In the entries below, find the line with "Abstract Male Art" and print exactly every line from there up to and including the line with "Plakat for diskoaften", with no other lines.

── Exercise data ──

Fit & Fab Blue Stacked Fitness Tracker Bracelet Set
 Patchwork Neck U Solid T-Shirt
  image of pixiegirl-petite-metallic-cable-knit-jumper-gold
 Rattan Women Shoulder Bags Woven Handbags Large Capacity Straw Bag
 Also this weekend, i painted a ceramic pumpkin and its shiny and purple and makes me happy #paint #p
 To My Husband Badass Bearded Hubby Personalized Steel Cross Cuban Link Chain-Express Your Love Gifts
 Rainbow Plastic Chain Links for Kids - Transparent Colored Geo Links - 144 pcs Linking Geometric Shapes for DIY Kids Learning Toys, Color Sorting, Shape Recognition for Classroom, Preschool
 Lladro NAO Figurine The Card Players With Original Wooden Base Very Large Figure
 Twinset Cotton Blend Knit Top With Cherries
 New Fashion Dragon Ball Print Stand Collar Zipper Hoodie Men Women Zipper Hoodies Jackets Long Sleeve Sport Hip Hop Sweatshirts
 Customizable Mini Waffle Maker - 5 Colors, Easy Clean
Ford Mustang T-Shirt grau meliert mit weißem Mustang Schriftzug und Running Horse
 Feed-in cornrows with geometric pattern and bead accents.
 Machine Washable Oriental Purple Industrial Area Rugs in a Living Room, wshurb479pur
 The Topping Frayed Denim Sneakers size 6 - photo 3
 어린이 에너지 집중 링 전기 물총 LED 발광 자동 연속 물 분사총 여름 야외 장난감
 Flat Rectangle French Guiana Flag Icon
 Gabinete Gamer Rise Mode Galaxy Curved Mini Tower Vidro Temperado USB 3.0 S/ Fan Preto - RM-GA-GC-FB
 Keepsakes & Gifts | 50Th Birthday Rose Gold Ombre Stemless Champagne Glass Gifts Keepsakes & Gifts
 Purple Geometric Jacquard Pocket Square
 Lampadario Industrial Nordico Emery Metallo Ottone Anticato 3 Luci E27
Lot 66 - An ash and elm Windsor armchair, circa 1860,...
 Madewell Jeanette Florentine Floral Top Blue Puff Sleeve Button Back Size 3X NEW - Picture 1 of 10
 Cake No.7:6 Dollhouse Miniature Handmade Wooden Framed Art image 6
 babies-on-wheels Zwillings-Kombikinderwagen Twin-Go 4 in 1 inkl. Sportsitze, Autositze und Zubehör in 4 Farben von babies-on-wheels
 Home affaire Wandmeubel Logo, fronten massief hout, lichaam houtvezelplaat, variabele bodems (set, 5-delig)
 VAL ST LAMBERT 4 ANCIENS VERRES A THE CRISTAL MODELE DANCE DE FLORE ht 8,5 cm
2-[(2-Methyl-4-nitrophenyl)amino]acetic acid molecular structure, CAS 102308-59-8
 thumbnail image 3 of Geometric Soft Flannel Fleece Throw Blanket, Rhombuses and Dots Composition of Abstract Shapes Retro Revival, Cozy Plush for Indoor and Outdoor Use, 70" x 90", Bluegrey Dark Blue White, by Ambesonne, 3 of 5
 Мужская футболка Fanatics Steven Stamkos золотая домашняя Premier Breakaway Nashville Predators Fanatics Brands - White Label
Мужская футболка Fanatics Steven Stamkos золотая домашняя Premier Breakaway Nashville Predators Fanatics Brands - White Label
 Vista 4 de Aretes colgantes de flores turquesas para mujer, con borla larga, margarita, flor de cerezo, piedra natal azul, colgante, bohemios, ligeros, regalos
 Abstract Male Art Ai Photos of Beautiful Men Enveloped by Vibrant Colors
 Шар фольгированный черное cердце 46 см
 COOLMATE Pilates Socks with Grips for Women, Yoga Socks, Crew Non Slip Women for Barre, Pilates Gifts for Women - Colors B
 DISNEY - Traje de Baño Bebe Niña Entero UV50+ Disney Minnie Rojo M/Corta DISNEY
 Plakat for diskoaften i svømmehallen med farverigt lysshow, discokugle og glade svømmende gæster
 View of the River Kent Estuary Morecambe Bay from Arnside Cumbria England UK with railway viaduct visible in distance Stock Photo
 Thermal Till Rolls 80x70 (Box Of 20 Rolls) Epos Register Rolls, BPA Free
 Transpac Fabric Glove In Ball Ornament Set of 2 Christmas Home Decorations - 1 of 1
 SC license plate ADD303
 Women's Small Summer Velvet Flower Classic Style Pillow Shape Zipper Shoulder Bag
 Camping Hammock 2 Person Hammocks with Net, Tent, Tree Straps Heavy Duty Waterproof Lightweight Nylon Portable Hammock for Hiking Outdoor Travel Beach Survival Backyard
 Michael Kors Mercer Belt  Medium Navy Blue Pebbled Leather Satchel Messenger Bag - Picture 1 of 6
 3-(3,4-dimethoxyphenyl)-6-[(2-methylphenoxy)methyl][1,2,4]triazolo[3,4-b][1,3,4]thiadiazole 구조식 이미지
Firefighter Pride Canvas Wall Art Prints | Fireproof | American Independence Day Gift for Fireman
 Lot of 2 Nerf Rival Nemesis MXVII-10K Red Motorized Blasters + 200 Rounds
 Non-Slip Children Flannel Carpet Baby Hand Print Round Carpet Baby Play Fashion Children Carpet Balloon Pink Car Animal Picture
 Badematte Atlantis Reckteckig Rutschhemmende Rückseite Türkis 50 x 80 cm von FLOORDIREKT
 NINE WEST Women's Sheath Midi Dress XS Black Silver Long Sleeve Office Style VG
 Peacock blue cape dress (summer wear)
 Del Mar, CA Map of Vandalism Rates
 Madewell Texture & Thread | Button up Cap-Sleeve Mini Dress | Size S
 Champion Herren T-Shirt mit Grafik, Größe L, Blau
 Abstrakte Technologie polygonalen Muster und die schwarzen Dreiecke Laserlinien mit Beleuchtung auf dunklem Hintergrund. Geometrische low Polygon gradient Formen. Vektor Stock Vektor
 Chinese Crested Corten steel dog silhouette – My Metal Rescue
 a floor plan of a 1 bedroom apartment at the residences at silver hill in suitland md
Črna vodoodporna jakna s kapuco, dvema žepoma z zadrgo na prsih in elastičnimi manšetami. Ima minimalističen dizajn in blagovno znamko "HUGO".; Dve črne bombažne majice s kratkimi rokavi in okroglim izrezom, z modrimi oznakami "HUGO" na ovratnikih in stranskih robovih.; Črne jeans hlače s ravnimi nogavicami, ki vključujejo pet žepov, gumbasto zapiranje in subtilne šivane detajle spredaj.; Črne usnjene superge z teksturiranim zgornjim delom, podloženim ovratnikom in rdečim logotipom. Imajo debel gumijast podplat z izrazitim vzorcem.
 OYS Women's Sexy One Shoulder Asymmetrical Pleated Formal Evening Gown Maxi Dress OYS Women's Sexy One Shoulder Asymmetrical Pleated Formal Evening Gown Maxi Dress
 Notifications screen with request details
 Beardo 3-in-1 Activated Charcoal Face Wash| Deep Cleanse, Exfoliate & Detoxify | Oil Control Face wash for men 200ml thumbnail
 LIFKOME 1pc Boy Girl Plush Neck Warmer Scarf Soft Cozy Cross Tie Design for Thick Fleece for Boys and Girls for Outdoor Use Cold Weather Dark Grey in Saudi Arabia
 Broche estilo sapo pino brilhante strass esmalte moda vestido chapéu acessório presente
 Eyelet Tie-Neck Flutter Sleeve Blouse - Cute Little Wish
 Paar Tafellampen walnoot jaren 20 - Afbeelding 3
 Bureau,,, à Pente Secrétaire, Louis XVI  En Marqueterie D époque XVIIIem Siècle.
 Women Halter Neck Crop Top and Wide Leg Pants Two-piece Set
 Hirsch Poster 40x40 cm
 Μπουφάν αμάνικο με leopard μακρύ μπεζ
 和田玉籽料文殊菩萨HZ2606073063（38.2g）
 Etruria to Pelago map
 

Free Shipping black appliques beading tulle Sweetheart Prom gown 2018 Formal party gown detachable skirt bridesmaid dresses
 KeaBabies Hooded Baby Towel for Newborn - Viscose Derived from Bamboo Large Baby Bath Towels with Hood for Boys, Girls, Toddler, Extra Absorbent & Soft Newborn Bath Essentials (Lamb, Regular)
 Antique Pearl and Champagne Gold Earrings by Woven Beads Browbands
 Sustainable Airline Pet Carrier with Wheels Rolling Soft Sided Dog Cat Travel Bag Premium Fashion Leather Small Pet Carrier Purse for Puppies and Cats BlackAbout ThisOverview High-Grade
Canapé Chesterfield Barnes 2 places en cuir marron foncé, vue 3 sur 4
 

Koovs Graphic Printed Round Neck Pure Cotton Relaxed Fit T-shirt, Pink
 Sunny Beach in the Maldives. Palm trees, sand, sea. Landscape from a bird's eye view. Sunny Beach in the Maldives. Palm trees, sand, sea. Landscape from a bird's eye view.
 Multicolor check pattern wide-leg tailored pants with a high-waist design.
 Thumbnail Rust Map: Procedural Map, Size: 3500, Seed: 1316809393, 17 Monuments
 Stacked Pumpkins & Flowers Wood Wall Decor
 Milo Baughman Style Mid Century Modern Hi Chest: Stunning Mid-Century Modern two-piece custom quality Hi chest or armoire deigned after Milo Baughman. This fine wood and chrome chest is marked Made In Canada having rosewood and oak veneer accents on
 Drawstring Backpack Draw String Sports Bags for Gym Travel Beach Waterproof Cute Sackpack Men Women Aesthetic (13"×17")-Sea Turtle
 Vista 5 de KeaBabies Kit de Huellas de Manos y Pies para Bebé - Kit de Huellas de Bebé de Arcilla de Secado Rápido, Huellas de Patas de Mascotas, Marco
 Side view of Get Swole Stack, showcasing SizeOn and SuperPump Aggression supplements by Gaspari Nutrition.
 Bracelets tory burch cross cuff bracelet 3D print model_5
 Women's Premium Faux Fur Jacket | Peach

───

Answer box:
 Abstract Male Art Ai Photos of Beautiful Men Enveloped by Vibrant Colors
 Шар фольгированный черное cердце 46 см
 COOLMATE Pilates Socks with Grips for Women, Yoga Socks, Crew Non Slip Women for Barre, Pilates Gifts for Women - Colors B
 DISNEY - Traje de Baño Bebe Niña Entero UV50+ Disney Minnie Rojo M/Corta DISNEY
 Plakat for diskoaften i svømmehallen med farverigt lysshow, discokugle og glade svømmende gæster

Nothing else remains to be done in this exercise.